WORK ORDER =>
Starting at the top line and ending at the bottom one, repeat the entries exactly and drop every picture.

PROVIDED DATA =>

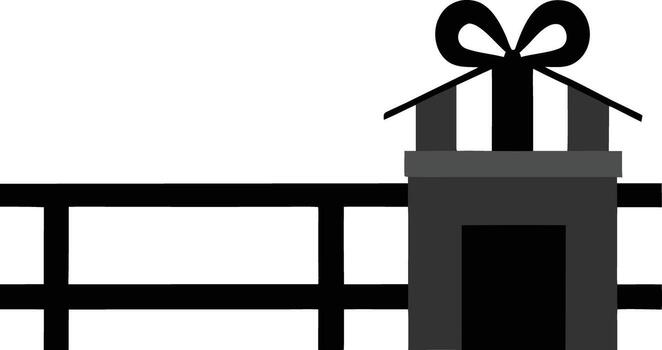 Stylized silhouette of a chimney with a bow on a white background isolated on white background isolated on transparent background vector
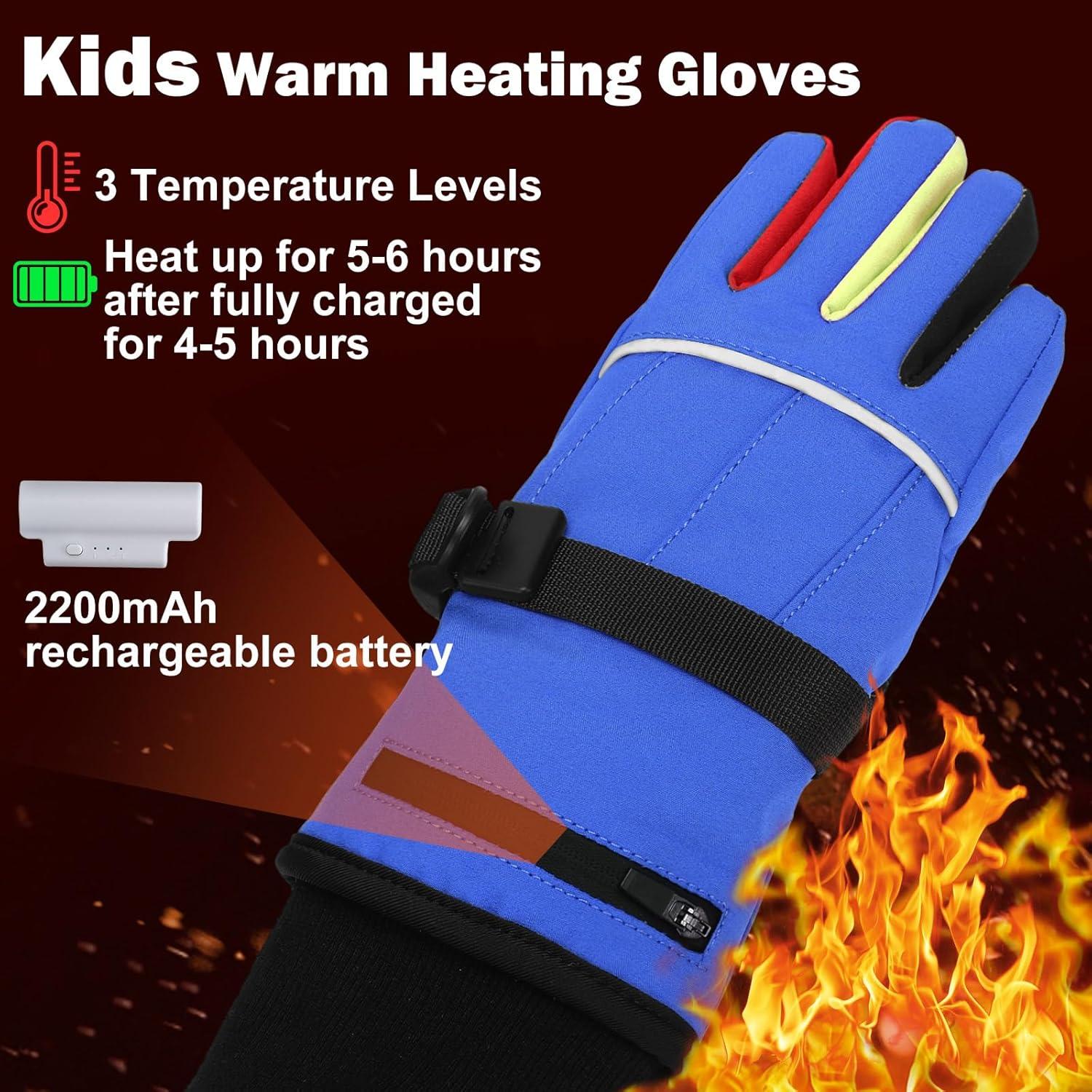 Guantes Calentados Eléctricos Lasnten para Niños 8-12 Años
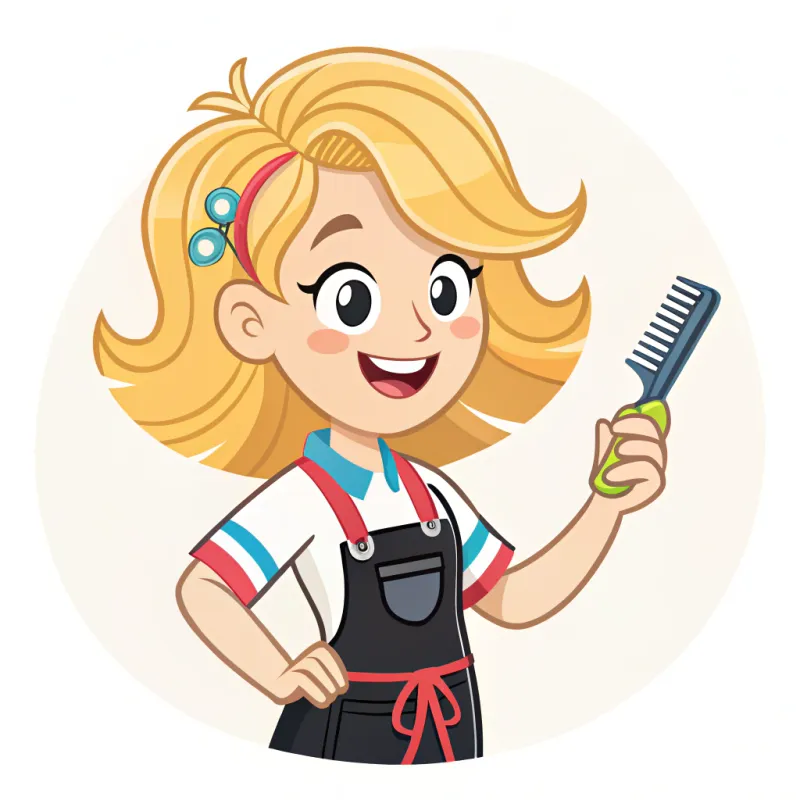 Blonde Hairdresser Mascot: Fun & Engaging Character
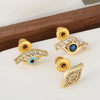 Wholesale Earrings Copper 18K Gold Plated Microinlaid Zircon Geometric Devil's Eye Style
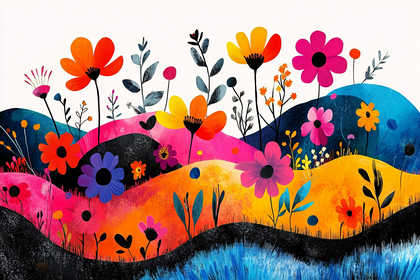 Whimsical Floral Hills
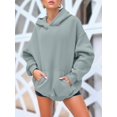 thumbnail image 2 of XINQIHANG Womens Oversized Sweatshirts Fleece Hoodies Long Sleeve Shirts Pullover Fall Clothes with Pocket, 2 of 6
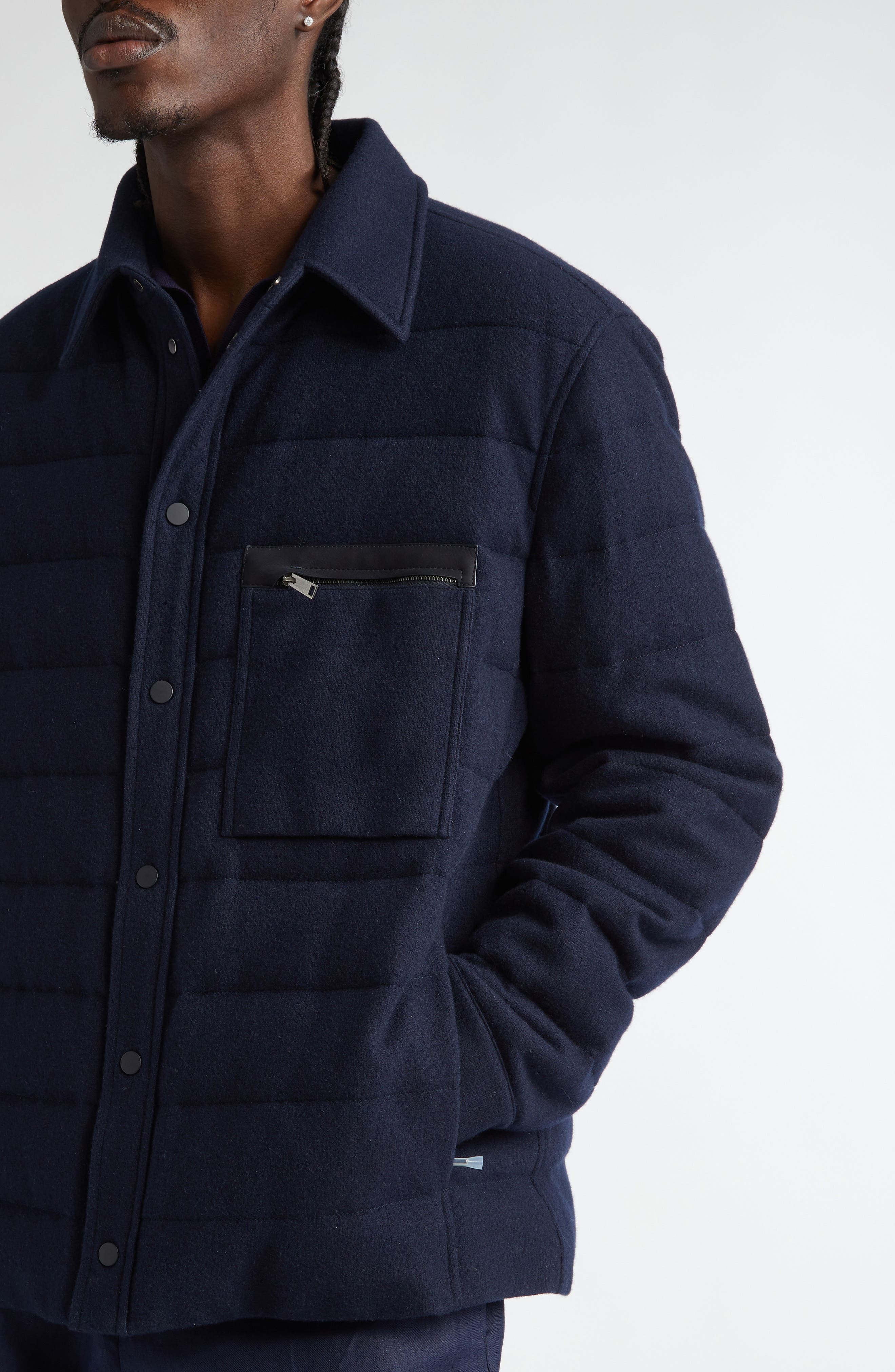ZEGNA Oasi Quilted Water Repellent Cashmere Down Shirt Jacket in Navy at Nordstrom - 4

FINISHED TASK =>
 Stylized silhouette of a chimney with a bow on a white background isolated on white background isolated on transparent background vector
 Guantes Calentados Eléctricos Lasnten para Niños 8-12 Años
 Blonde Hairdresser Mascot: Fun & Engaging Character
 Wholesale Earrings Copper 18K Gold Plated Microinlaid Zircon Geometric Devil's Eye Style
 Whimsical Floral Hills
 thumbnail image 2 of XINQIHANG Womens Oversized Sweatshirts Fleece Hoodies Long Sleeve Shirts Pullover Fall Clothes with Pocket, 2 of 6
ZEGNA Oasi Quilted Water Repellent Cashmere Down Shirt Jacket in Navy at Nordstrom - 4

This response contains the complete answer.